- City: Sherbrooke, Quebec
- League: LNAH
- Founded: 2003
- Folded: 2011
- Home arena: Palais des Sports
- Colours: Dark blue, white, and army green

Franchise history
- 1996–2001: Windsor Papetiers
- 2001–2003: Windsor Lacroix
- 2003–2011: Sherbrooke Saint-François
- 2011–2012: Windsor Wild
- 2012–2016: Cornwall River Kings

Championships
- Regular season titles: None
- Division titles: None
- Playoff championships: 2 (2006, 2010)

= Sherbrooke Saint-François =

Canadian hockey team

The Sherbrooke Saint-François was a minor league professional ice hockey team based in Sherbrooke, Quebec. The team was part of the minor professional league Ligue Nord-Américaine de Hockey (LNAH). The Saint-Francois played at the Palais des Sports.

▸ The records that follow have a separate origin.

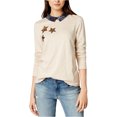 thumbnail image 1 of maison Jules Womens Collared Sequined Knit Blouse, Beige, Large, 1 of 2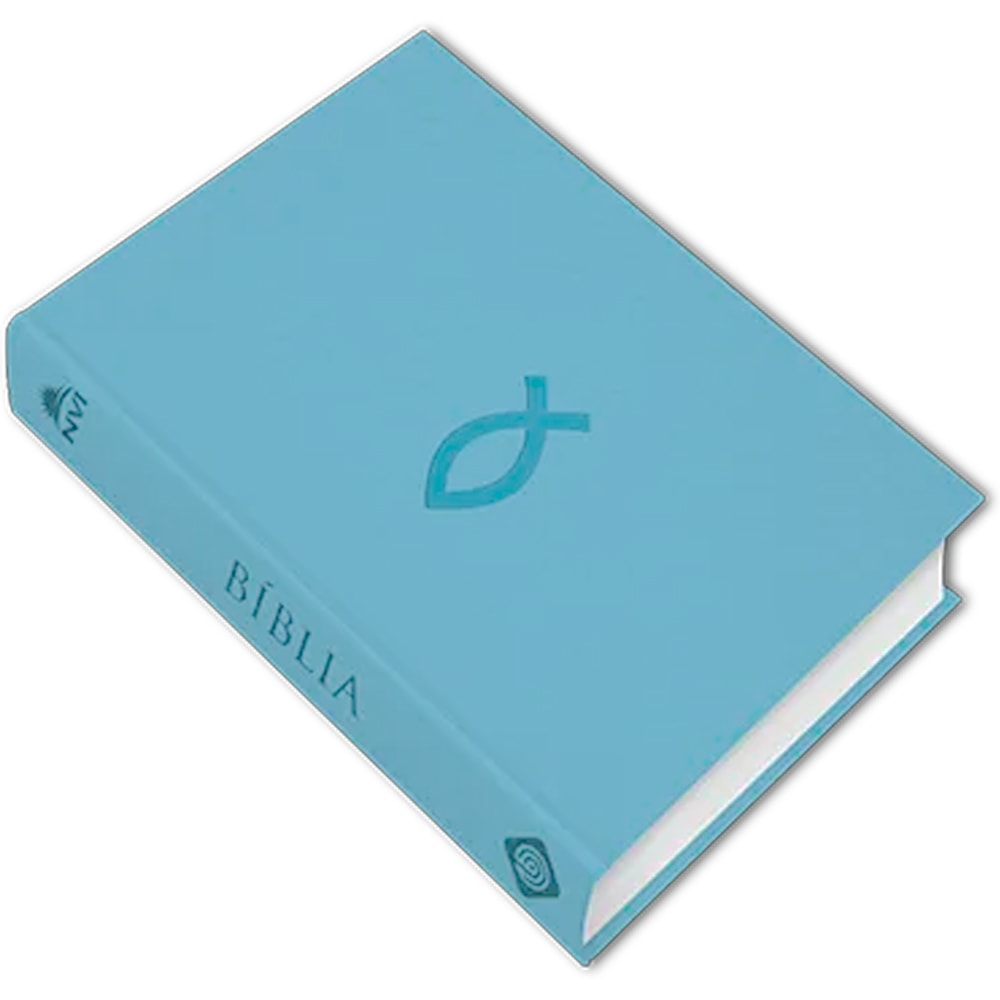 Bíblia Sagrada Peixe | NVI | Capa Flexível Azul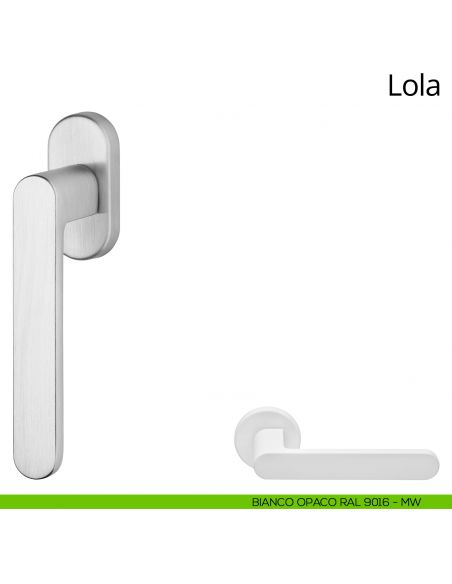 Maniglia per finestra martellina DK Lola Zincral Linea Calì - bianco opaco RAL9016
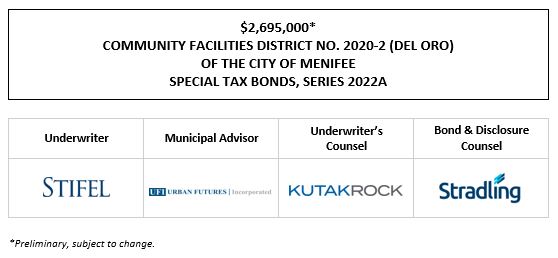 $2,695,000* COMMUNITY FACILITIES DISTRICT NO. 2020-2 (DEL ORO) OF THE CITY OF MENIFEE SPECIAL TAX BONDS, SERIES 2022A POS POSTED 9-22-22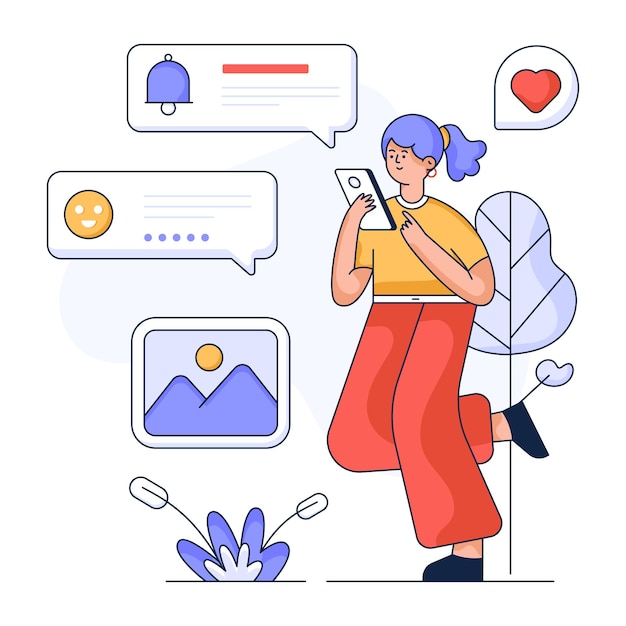 Vector get this amazing flat illustration of social platform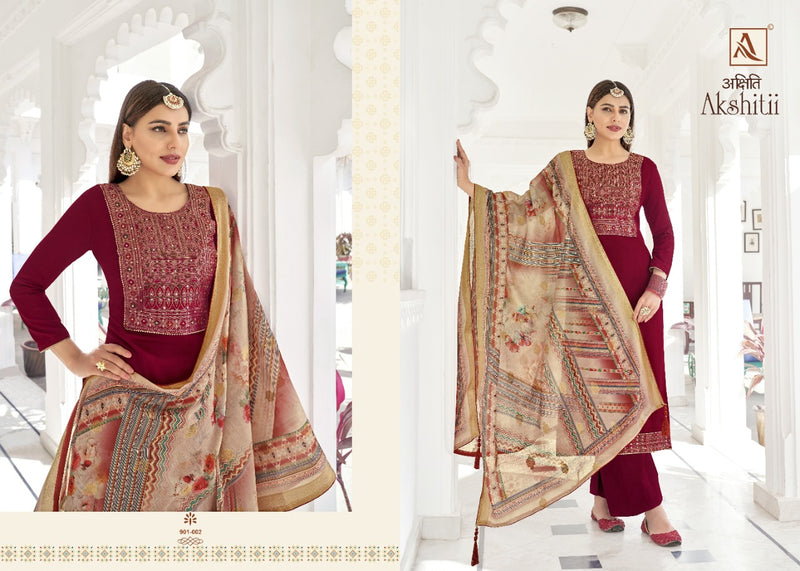 Alok Suits Akshiti Jam Cotton Heavy Embroidered Party Wear Salwar Suits
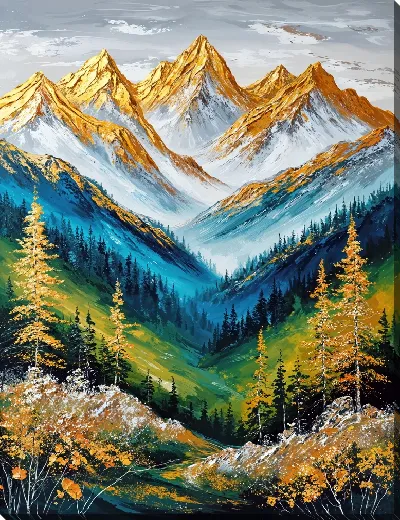 Картина маслом Горы позолоченные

In the past, they were known as the Windsor Papetiers and the Windsor Lacroix. They won the Futura Cup in 2005–2006, beating the Thetford Mines Prolab in six games of a best of 7. Sherbrooke also won the season title in 2009-2010. Over the last 5 seasons, they made it to the league final 3 times.

In 2011, the franchise moved to Windsor and was renamed the Windsor Wild.